Within the records below is a range that opens at the line with "Modern bathroom with" and closes at the line with "Young girl wearing". Return that range word for word, both ends included, and only that range.
═══ SOURCE MATERIAL ═══
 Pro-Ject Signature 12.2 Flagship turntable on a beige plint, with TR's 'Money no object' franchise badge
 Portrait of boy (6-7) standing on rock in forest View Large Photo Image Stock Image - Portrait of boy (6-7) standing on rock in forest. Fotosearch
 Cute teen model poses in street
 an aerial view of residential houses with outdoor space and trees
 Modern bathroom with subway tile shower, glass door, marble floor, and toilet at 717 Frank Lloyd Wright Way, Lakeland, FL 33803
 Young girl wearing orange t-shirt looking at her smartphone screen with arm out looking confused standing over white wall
═══
═══ SOURCE MATERIAL ═══
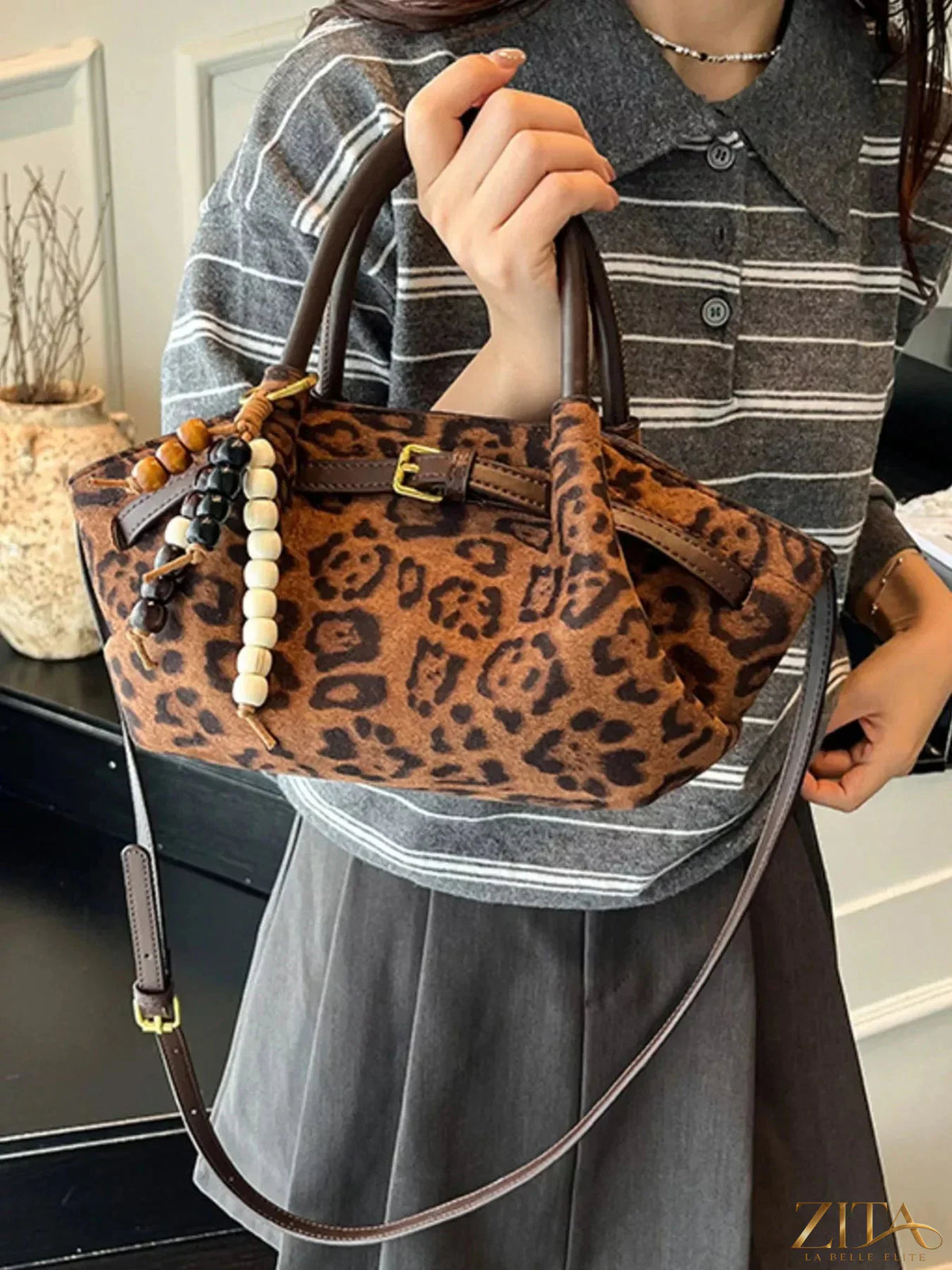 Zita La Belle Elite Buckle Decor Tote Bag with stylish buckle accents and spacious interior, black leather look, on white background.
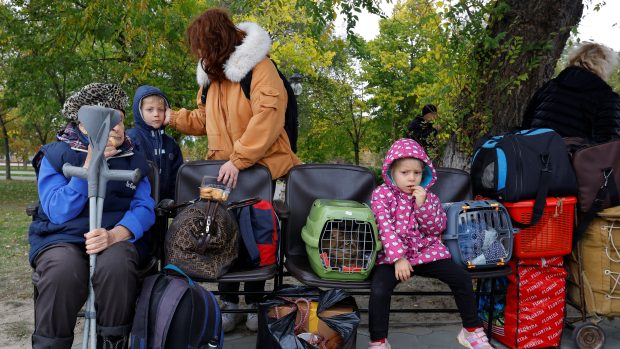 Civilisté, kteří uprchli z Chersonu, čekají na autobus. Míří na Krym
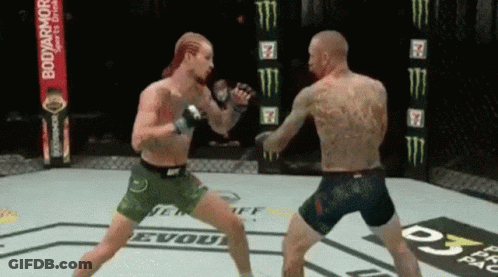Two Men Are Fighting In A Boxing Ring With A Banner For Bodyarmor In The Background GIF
═══
═══ SOURCE MATERIAL ═══
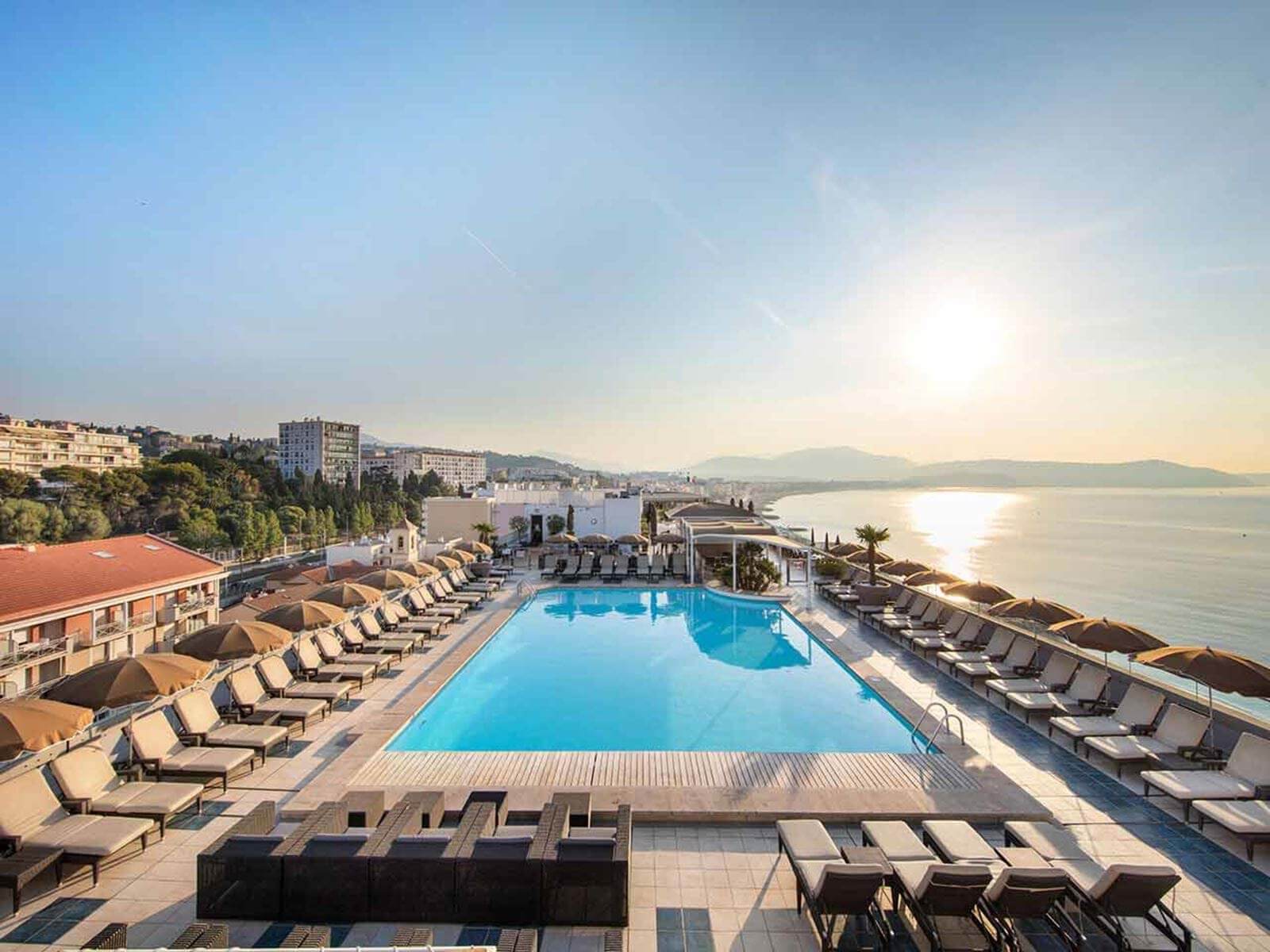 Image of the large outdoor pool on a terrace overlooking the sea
═══
* **ANSWER TO THE EXERCISE**
 Modern bathroom with subway tile shower, glass door, marble floor, and toilet at 717 Frank Lloyd Wright Way, Lakeland, FL 33803
 Young girl wearing orange t-shirt looking at her smartphone screen with arm out looking confused standing over white wall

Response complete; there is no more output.